My BA in History and MPhil in Early Modern History at Clare College, Cambridge (2008-2012) first spurred my interest in early modern political culture and communication. This evolved into my PhD project at the University of Warwick, ‘Commenting on the News: The Serial Press and Political Culture in Britain, c.1641-1730’ (2015-2019, supervised by Professor Mark Knights), which examined the growth of comment and opinion in the early British press and its relationship with the development of party politics.
Separately, I also developed an interest in early modern Latin (or ‘neo-Latin’), beginning with a Graduate Diploma in Classical Studies at KCL (2013-2014) and continuing alongside my PhD. I was then fortunate to be able to combine this with the themes of my doctoral work through a postdoctoral fellowship (2019-2021) on the Leverhulme-funded project ‘Neo-Latin Poetry in English Manuscript Verse Miscellanies, c.1550-1700’ (UCL, PI Dr Victoria Moul), working on topical and political Latin verse and its place in political culture.
My project at Birmingham, 'Bilingual News: Latin and Vernacular Media in Early Modern Britain, c.1580-1730', also funded by the Leverhulme Trust, began in 2024. This builds on my previous work to examine the wider phenomenon of news and comment written and circulated in Latin in early modernity. Among other themes, I am exploring how Latin operated within multilingual and international news cultures, and how Latin both restricted (to a Latinate minority) and expanded (across borders) access to political information.
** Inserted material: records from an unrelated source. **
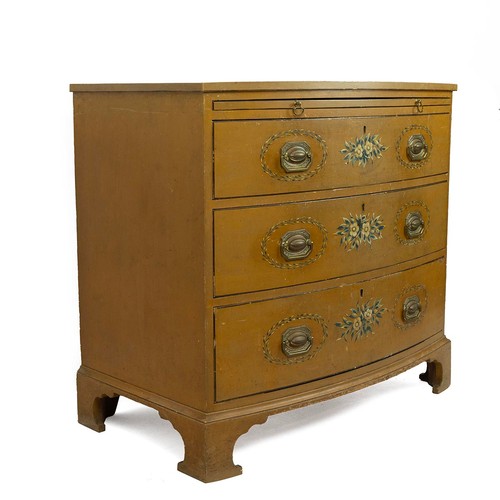 412 - Original paint Victorian bow front chest of drawers, c1870s. Bracket feet, three graduated drawers w... 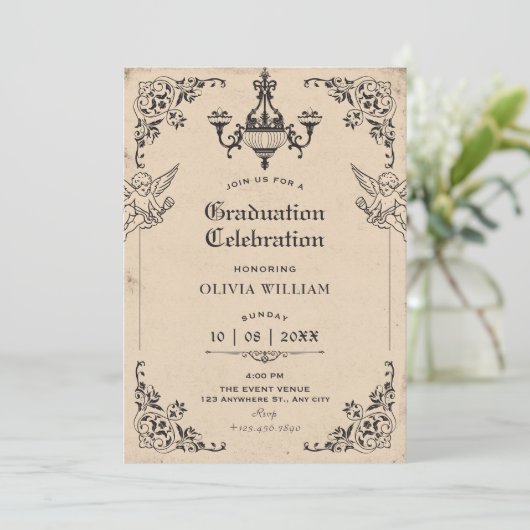 Vintage gothic arch angels graduation 招待状 (スタンド正面)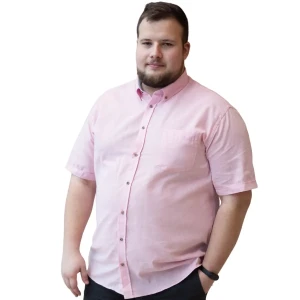 Duża gładka koszula męska z krótkim rękawem Kam 6340 różowa (5XL) | 5XL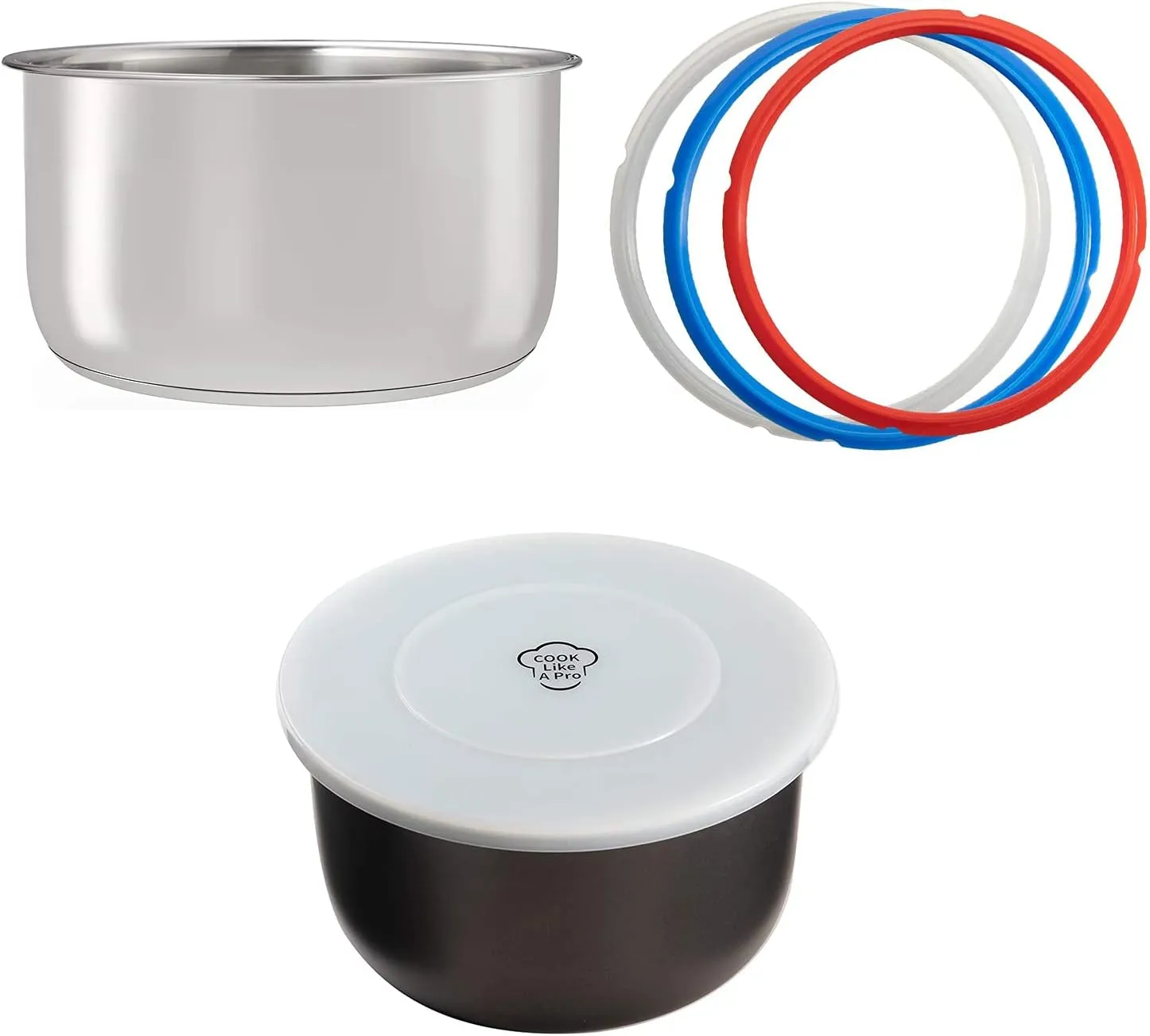 Goldlion Accessories for Ninja Foodi 6.5 Qt, Stainless Steel Inner Pot, 3 Packs Sealing Rings and Inner Pot Cover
I have also worked or volunteered in various libraries and heritage institutions, including the British Library, Dr Williams’s Library, Hampton Court Palace, the House of Lords Library, Lambeth Palace Library and the Parliamentary Archives, on projects relating to early modern politics, religion and the book and on the cataloguing and care of early modern printed and manuscript materials.